With the flurry of daily tweets coming out of the White House, an important piece of news was truly underreported last week. On February 10, the President Donald Trump administration blocked the appointment of Salam Fayyad, former prime minister of the Palestinian Authority, to become the United Nations special representative for Libya. There are two explanations: Either the administration did no research or background check before taking this knee-jerk action, in which case it should now do its homework and reverse a bad decision. If, however, the administration acted after careful consideration, this is yet another worrying sign of plain stupidity and blatant bias on the part of our newly sworn-in administration.
I met Fayyad in June 2002 when I was serving as the United States ambassador to Israel, and he was appointed as finance minister of the Palestinian Authority (PA). Fayyad assumed office in the midst of a very severe financial crisis in the PA, which was almost insolvent. The background to Fayyad’s appointment and, more importantly, what followed, should convince the Trump administration to issue a mea culpa, apologize to Fayyad and welcome his UN appointment.
The PA financial crisis started in September 2000, shortly after the outbreak of the second Palestinian Intifada or uprising. In response to Palestinian violence, Israel suspended the payments of customs and taxes that it was collecting at Ashdod port on Palestinian imports. This arrangement had been agreed on in 1994 as part of the Oslo peace process, and it had worked efficiently for about six years. The collected fees, totaling more than $100 million monthly, became the financial lifeline of the Palestinian Authority — far larger and more important than international aid.

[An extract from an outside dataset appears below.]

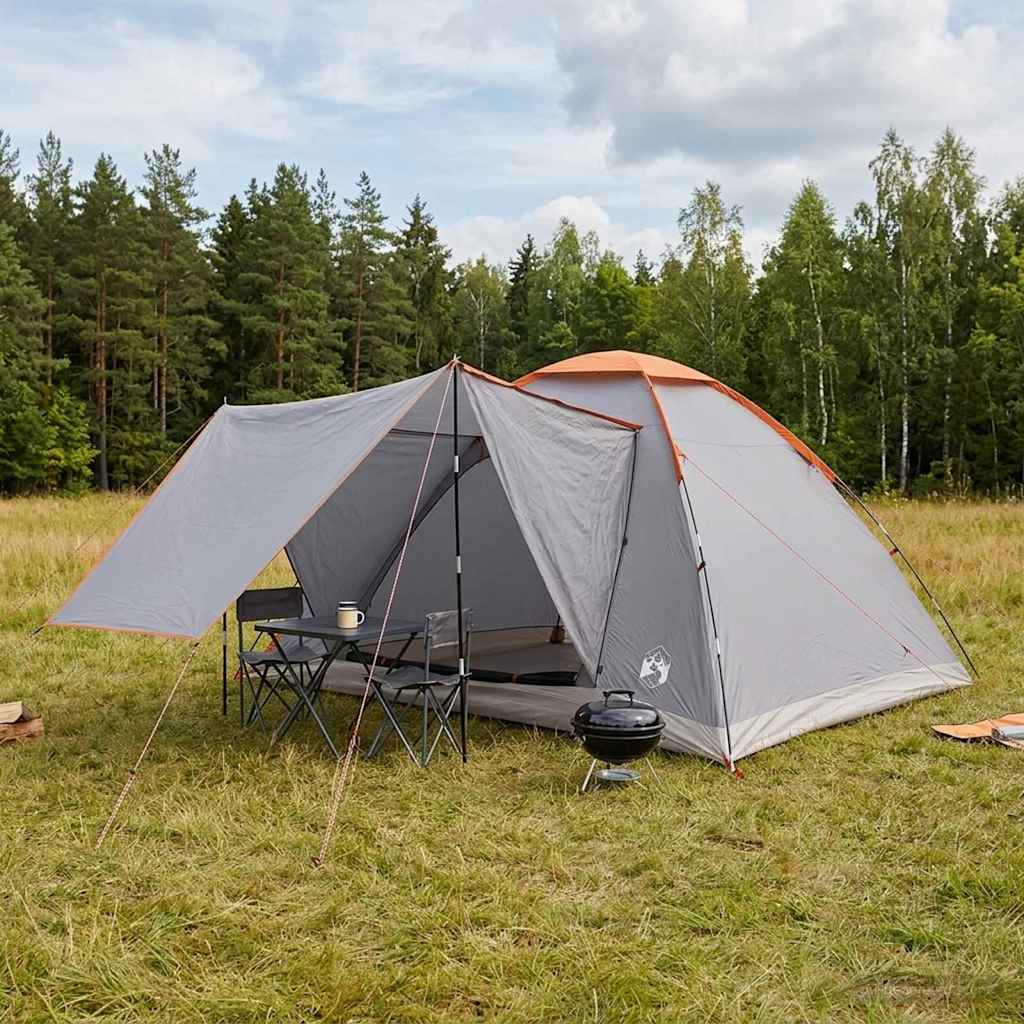 Campingzelt Grau und Orange 6-Personen Polyester und Stahl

Israel’s decision to suspend these payments was not taken lightly by the Israelis: They knew how important these payments were to the health of the PA but argued that Israel could not be expected to provide the funds that Palestinians were using to purchase weapons and fund terrorism and violence against Israelis. The Israelis kept an accounting of the unpaid funds and deposited them in an escrow account. Efforts to persuade Israel to release the sequestered funds and resume monthly payments ran into a problem: They did not trust the then-president of the PA, Yasser Arafat, to manage the money properly and thus, as long as he controlled all Palestinian finances, Israel refused to release the sequestered funds.
Enter Salam Fayyad, a well-known and highly respected official, with a PhD from the University of Texas and a position with distinction in the World Bank and chairman of a large Arab bank. Under tremendous pressure from inside Palestine and from the international community, Arafat appointed Fayyad to take charge of Palestine’s finances. The transformation was immediate: Fayyad put the Palestinian budget online and promised transparency in the management of the economy, a welcome relief from the corruption and cronyism prevailing under Arafat’s rule.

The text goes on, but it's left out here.